Em 2012, o caso federal contra Morales foi arquivado por várias questões, incluindo a forma como o FBI lidou com seu informante. Um juiz repreendeu o Departamento de Justiça.

Um ano depois, Morales estabeleceu a Global Ordnance como uma empresa de consultoria em negócios de armas, aproveitando mais de uma década de experiência na área. Adquiriu uma empreiteira de defesa e começou a fornecer armas ao Pentágono, destinadas a ser usadas contra grupos terroristas como o Estado Islâmico.

Sua rede, que abrangia os Estados Unidos, a Europa Oriental e o Oriente Médio, mostrou-se confiável, levando o Pentágono a se tornar seu maior cliente. A Global Ordnance ganhou mais de US$ 78 milhões em contratos de defesa de 2016 a 2019, segundo registros públicos.

Semanas antes da invasão da Ucrânia pela Rússia, o Pentágono concedeu à Global Ordnance um contrato de cinco anos no valor de até US$ 750 milhões para auxiliar no fornecimento de armas aos aliados dos EUA. Essa medida acabou se tornando um meio para o apoio militar à Ucrânia, arrecadando centenas de milhões de dólares adicionais.

O Pentágono se recusou a comentar os contratos da Global Ordnance.

A grande oportunidade de Morales na Ucrânia surgiu no início da guerra. Ele tinha um estoque significativo de munições na Bulgária, originalmente adquirido pelo Pentágono para uso no Afeganistão. O Pentágono aprovou seu envio para a Ucrânia em janeiro de 2022, e coube à Global Ordnance a tarefa de transportá-lo até lá.

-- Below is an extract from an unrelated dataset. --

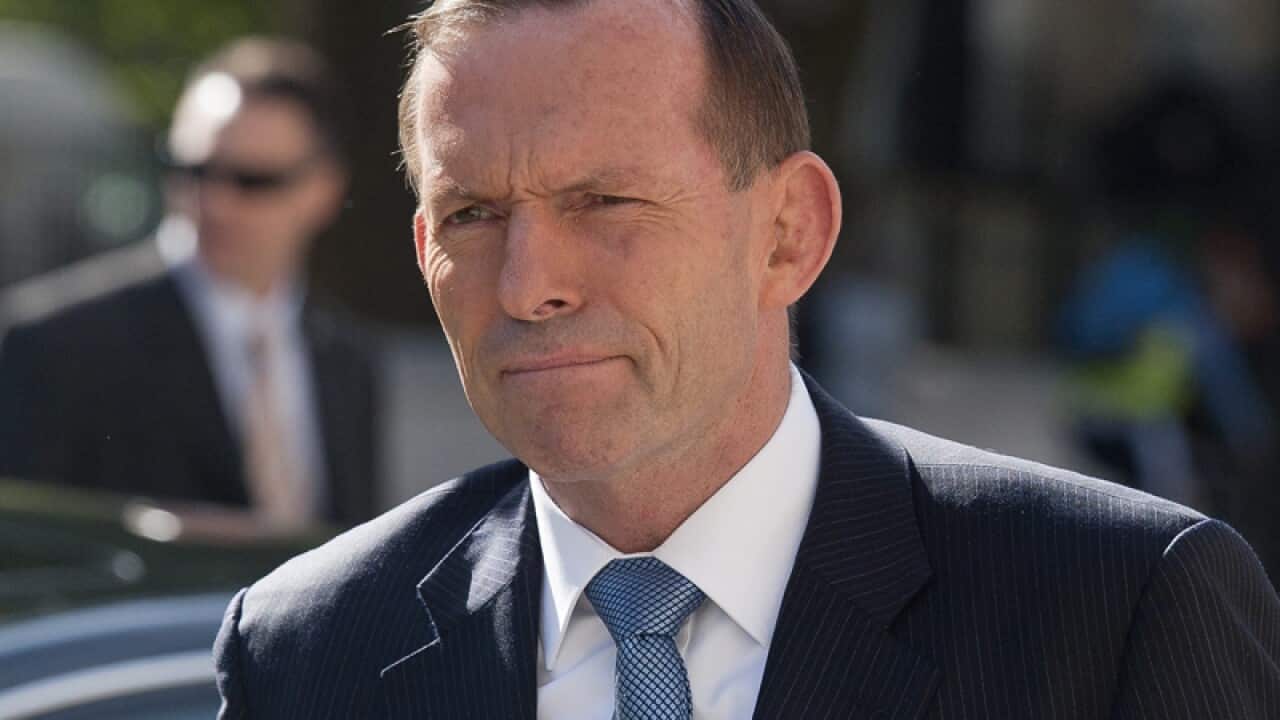 Tony Abbott arrives at the Cabinet Office in London.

Esse envolvimento tornou Morales uma figura de valor inestimável nos primeiros estágios do conflito e estreitou seus laços com as autoridades ucranianas.

Morales vislumbra um futuro promissor na Ucrânia. Durante a reunião no bar da cobertura do mês passado, a conversa girou em torno dos “grandes contratos que estavam prestes a ser concedidos”, revelou Van Brunt. As autoridades questionaram se a empresa estava preparada para lidar com esses novos e significativos negócios. Morales lhes garantiu que sim.